Godfather of Seraiki poetry: Searching for Shakir Shuja Abadi

Published: January 6, 2014
Like most regional languages, Seraiki is often overlooked by mainstream media and artisans. PHOTOS: PUBLICITY

Like most regional languages, Seraiki is often overlooked by mainstream media and artisans. PHOTOS: PUBLICITY


Shakir Shuja Abadi is not well. In fact, he has been bed-ridden since October. Unfortunately, nobody has noticed because he is one of the underrated godfathers of Seraiki poetry, and the voice of the underprivileged.  Abadi is only sixty, but a stroke has taken away his voice. He can still write but his health has deteriorated over the years.

“When it comes to Seraiki poetry, Shakir Shuja Abadi is one of the biggest names. Almost every columnist in Seraiki has written extensively on his work. He is in dire shape,” says Nazar Farid Bodla, a student and an apprentice of sorts, who is now officially assigned by Shakir to recite his poetry.

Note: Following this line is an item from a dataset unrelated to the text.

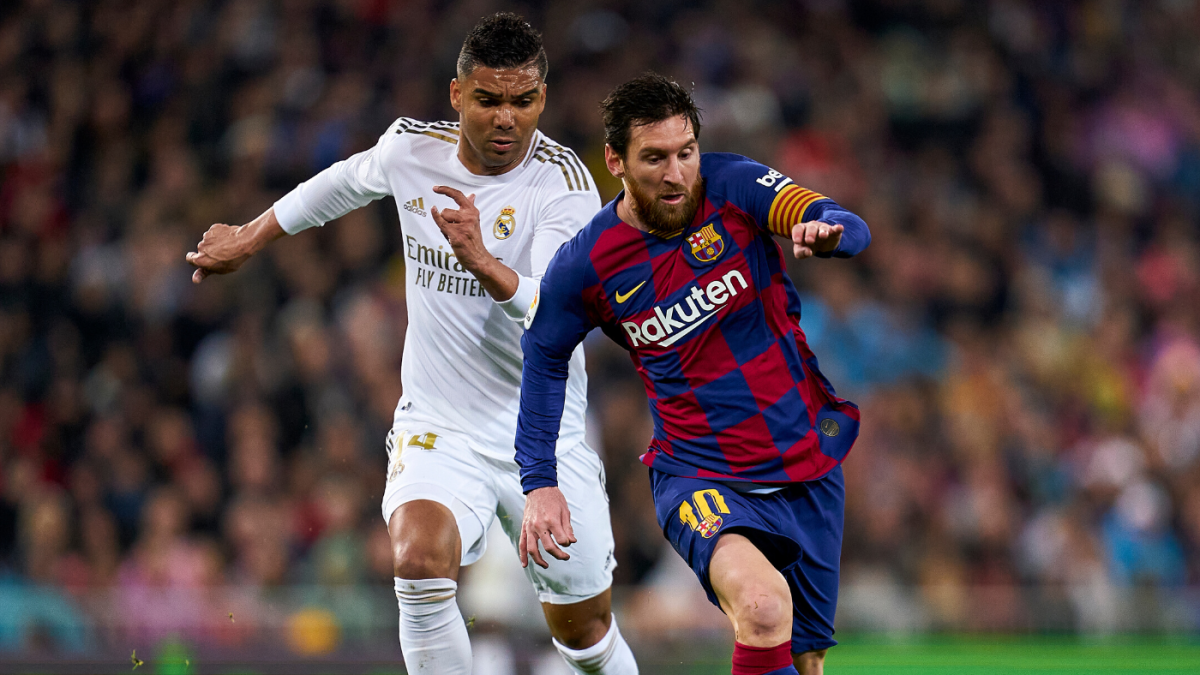 La Liga return Four storylines to watch in Spanish league, including Barca-Real Madrid title fight
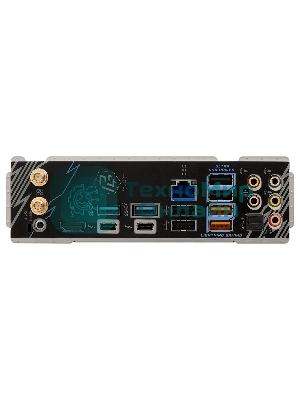 Материнская плата ASRock Phantom Gaming Z890 LIGHTNING WIFI, LGA 1851, Intel Z890, 4xDDR5, 4xSATA, 4xM.2, 1xPCIe 5.0 x16, 1xPCIe 4.0 x4, 1xUSB-C Thunderbolt 4, 2xUSB-A 3.2 Gen 2, 4xUSB-A 3.2 Gen 1, 1xHDMI, 1x2.5Gb LAN, 5x3.5 мм, 7.1, ATX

Bodla tells The Express Tribune that it has been two years since the Punjab government stopped providing Abadi a stipend and he has not been able to work. Bodla says that Abadi’s house is small, and the family has no lands or supplementary income. According to Bodla, Abadi has been dependent on hand-outs from an MNA, or if a poetry recital takes place, he writes down poems for Bodla to recite.

“He is not well,” says Waleed Abadi, the younger son of Abadi. Waleed has returned home to be with his father, who in Seraiki folk-culture is a literary figure. Most regional languages are overshadowed by the prominence of Urdu or English, and Seraiki is no exception. Due to this, we forget the hidden geniuses that are yet to be discovered in the heart of our country.

Waleed says only a few friends and fans have visited regularly since his father has been bed-ridden. Shuja’s poetry is still published regularly in a newspaper, whenever the Shakir pens a thought. Most of his life’s work has been built out of experience and the process of life itself.

It is said that his poetry came from a dark place of struggle and uncertainty, because of a stroke that he suffered as a child. He managed to attend a local government school, from where he drop-out after the death of his grandmother.

Forced to work as fruit-seller, he was entrenched in the vicious cycle of making ends meet in Bhawalpur. Poetry was still not in the picture. He then moved to Karachi, where he worked two jobs both as fruit-seller and chowkidar.

“He was forced out of the workforce. He spent his life working, but his health and age didn’t allow it. Poetry came to him when he had nothing,” said Waleed, while his father sat next to him.

Abadi started to recite his thoughts at the local darbar, and by the early 90s he was considered a towering figure of Seraiki culture. His first proper Mushaira was held in 1986 and he then headlined the All-Pakistan Mushaira held in 1991. The last Mushaira before his childhood condition got worse was held in 1994, but he still recited and his following still stood strong.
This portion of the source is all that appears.